Rhodesia cricketer and soldier

John de Lisle Thompson OBE (12 July 1904 – 11 April 1978) was a cricketer who played first-class cricket for Rhodesia from 1928 to 1936, and a soldier.

==Life and career==
Jock Thompson was born in Cape Town but educated at Milton High School in Bulawayo, where he was head prefect in 1924 and captained the cricket and rugby teams.

In cricket Thompson was a wicket-keeper who often opened the batting. He was Rhodesia's wicket-keeper in 1931-32 when they finished second in the Currie Cup. He scored 28 and 47 that season in the one-wicket victory over Griqualand West. In his last first-class match he captained Rhodesia against the touring Australians in 1935-36. He also represented Rhodesia at rugby.

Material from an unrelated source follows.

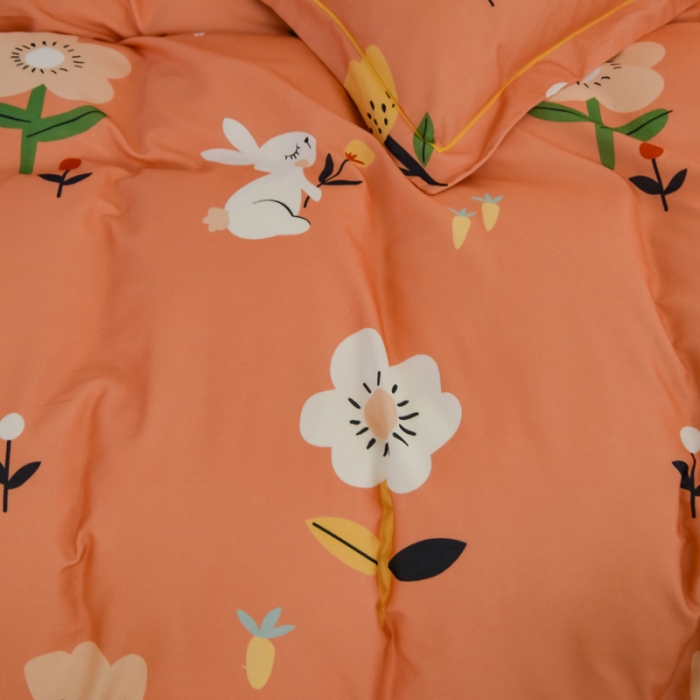 91家纺网 家纺一手货源 找家纺 雲归梦 2020新款小清新全棉生态磨毛四件套 田园兔-桔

He was the author of A History of Sport in Southern Rhodesia, published in 1935. During World War II he served as an officer in West Africa, North Africa, and later in Europe, and after the war he became commanding officer of the 2nd Battalion of the Rhodesia Regiment. He was a director of the Thomas Meikle Trust and Investment Company.

He was awarded the OBE in the 1951 New Year Honours.